Since we work with relations over $\Nat$ now instead of arbitrary sets, it is not that easy anymore to keep quantifiers bounded. But since we are only interested in the complexity of $\models$ for $\Sigma_n$-formulas, this helps us bound the overall complexity at $\Sigma^0_n$

(c) By analyzing the recursive definition and using the definition of $\Nat$ in $\ZF$, one first shows that the set

$$
    \{ (m,p) \in \Nat\times \Nat  \colon \pi_\alpha(m) = p \}
$$
 
is arithmetic in $\alpha$. 

Let $\psi(v_0, v_1, v_2)$ be the formula $\Tup{v_0, v_1} \in v_2$. Then 

\begin{multline*}
    \pi_\alpha(m) = \gamma \iff \\ 
    \forall p, q \: \left (\gamma(p) = q \: \leftrightarrow \: \exists i,j \: (\pi_\alpha(i) = p \wedge \pi_\alpha(j)=q \wedge (\omega,E_\alpha) \models \psi[i,j,m]) \right )
\end{multline*}

Now apply the previous observation and (a).

Finally, note that

$$ \text{$E_\beta$ is extensional} \iff \forall m,n : [\forall k (k E_\beta m ; \leftrightarrow ; k E_\beta n) ; \to ; m=n ]. $$

Hence this is arithmetical. And we have already seen that coding a well-founded relation over $\Nat$ is $\Pi^1_1$.

Now we know the complexity of all parts of ($*$) and can put everything together.

:label: thm-L-reals

The set $L \cap \Baire$ is $\Sigma^1_2$.

In a similar way we can show that the relation $\alpha <_L \beta$ over $(L\cap\Baire)^2$ is $\Sigma^1_2$ (using that $<_L$ is $\Delta_1$-definable).

:class: tip

Recall that given $\alpha \in \Baire, n \in \Nat$, $(\alpha)_n$ denotes the $n$-th column of $\alpha$.
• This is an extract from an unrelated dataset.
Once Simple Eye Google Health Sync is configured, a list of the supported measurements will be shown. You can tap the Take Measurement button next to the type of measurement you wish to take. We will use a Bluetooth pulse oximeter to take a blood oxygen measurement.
Show that the following relation $R$ over $(L\cap\Baire)^2$ is $\Sigma^1_2$.

$$
(\alpha, \beta) \in R :\iff \{(\alpha)_n\colon n \in \Nat \} = \{\gamma \colon \gamma <_L \beta \}
$$

In other words, $\alpha$ codes the (countable) $<_L$-initial segment restricted to $\Baire$.

If $\VL$, then the set is actually $\Delta^1_2$, since then

$$ \alpha <_L \beta \iff \alpha \neq \beta : \wedge : \neg(\beta <_L \alpha). $$

Finally, since $\VL$ implies $\CH$, we can use {prf:ref}prop-non-meas to show the existence of non-measurable sets under $\VL$.

:label: cor-L-reals

If $\VL$, then there exists a $\Delta^1_2$ set that is not Lebesgue-measurable and does not have the Baire property.
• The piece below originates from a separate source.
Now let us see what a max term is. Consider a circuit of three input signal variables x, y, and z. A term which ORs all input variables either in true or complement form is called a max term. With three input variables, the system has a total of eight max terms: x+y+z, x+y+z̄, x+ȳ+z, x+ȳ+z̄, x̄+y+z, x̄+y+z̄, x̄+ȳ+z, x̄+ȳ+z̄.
An uncountable $\Pi^1_1$ set without a perfect subset

We now show that under the assumption $\VL$, the perfect set property fails at level $\Pi^1_1$.

We start with constructing an example at the $\Sigma^1_2$ level.
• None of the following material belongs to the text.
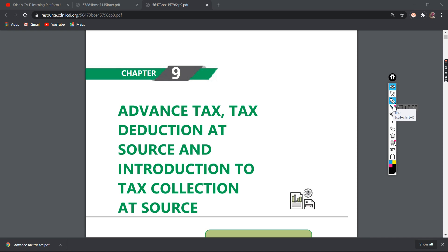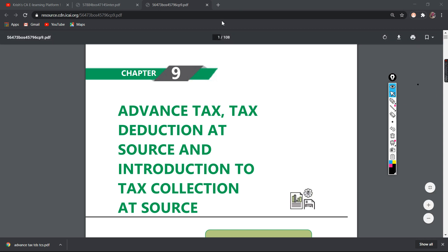Chapter 9 of income tax. If you look at this chapter, it covers all the advanced tax, TDS, and TCS. What are the challenges of this? We have to look at a total of 108 pages.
Recall that if $\alpha \in \Baire$ codes a well-ordering on $\Nat$, then \begin{equation*} \Norm{\alpha} = \text{ order type of well-ordering coded by $\alpha$}. \end{equation*}

:label: prop-sigma12-perfect

If $\VL$, there exists an uncountable $\Sigma^1_2$ set in $\Baire$ without a perfect subset.

Let $A \subseteq \Baire$ be given by
\begin{equation*}
    x \in A \iff x \in \WOrd \, \wedge \, \forall y <_L x \,  ( \parallel y \parallel \ne \parallel x \parallel).
\end{equation*}

In other words, $A$ collects the $<_L$-least code for every ordinal $< \omega_1$.

Clearly $A$ is uncountable, since it has a representative for every countable ordinal and hence of cardinality $\omega_1$.

Moreover, $A$ is $\Sigma^1_2$: Let $R$ be the $\Sigma^1_2$-relation of the exercise above. Then
\begin{equation*}
x \in A \iff x \in \WOrd \, \wedge \, \exists z \;(R(z,x) \, \wedge \; \forall n \,  ( \Norm {(z)_n} \neq \Norm{x}).
\end{equation*}

The relation $\Norm{(z)_n} \neq  \Norm{x}$ $\Pi^1_1$, hence $A$ is $\Sigma^1_2$.

Finally, we see that **$A$ does not have an uncountable $\bSigma^1_1$ subset** (hence, since all perfect sets are closed, no perfect subset): By $\bSigma^1_1$-boundedness ({prf:ref}`thm-sigma11-bounding`), for any $\bSigma^1_1$ subset $X \subseteq A$ the set $\{ \Norm{x} \colon x \in X\}$ bounded by an ordinal $\gamma < \omega_1$, hence countable.

It is possible to get this example down to $\Pi^1_1$ using the powerful technique of uniformization.

:label: def-uniformization

Suppose $A \subseteq \Baire \times \Baire$. We say $A^* \subseteq A$ **uniformizes** $A$ if 

$$
\forall x  \; [ \exists y \; A(x,y) \to  \exists ! y \; A^*(x,y)]
$$

A pointclass $\Gamma$ has the **uniformization property** if 
\begin{equation*}
A \subseteq \Baire  \times \Baire \, \wedge \, A \in \Gamma \quad \Rightarrow \quad \exists A^* \in  \Gamma \; (A^*  \text{ uniformizes } A).
\end{equation*}

:label: thm-Kondo

$\bPi^1_1$ has the uniformization property.

:label: thm-prefect-set-L

If $\VL$, then there exists an uncountable $\bPi^1_1$ set without a perfect subset.

Let $A$ be the $\Sigma^1_2$ set from the proof of {prf:ref}`prop-sigma12-perfect`. $A \subseteq \Baire$ is the projection of a $\Pi^1_1$ set $B \subseteq \Baire \times \Baire$. If we apply uniformization to $B$, we obtain a uniformizing set $B^*$ whose projection is still $A$. 

$B^*$ is uncountable, but does not contain a perfect subset: If $P \subset B^*$ were such a subset, then $P$ would be (the graph of) a function and uncountable, and the projection $\exists^{\Baire} \; P$ would be an uncountable  $\bSigma^1_1$ subset of $A$, contradiction.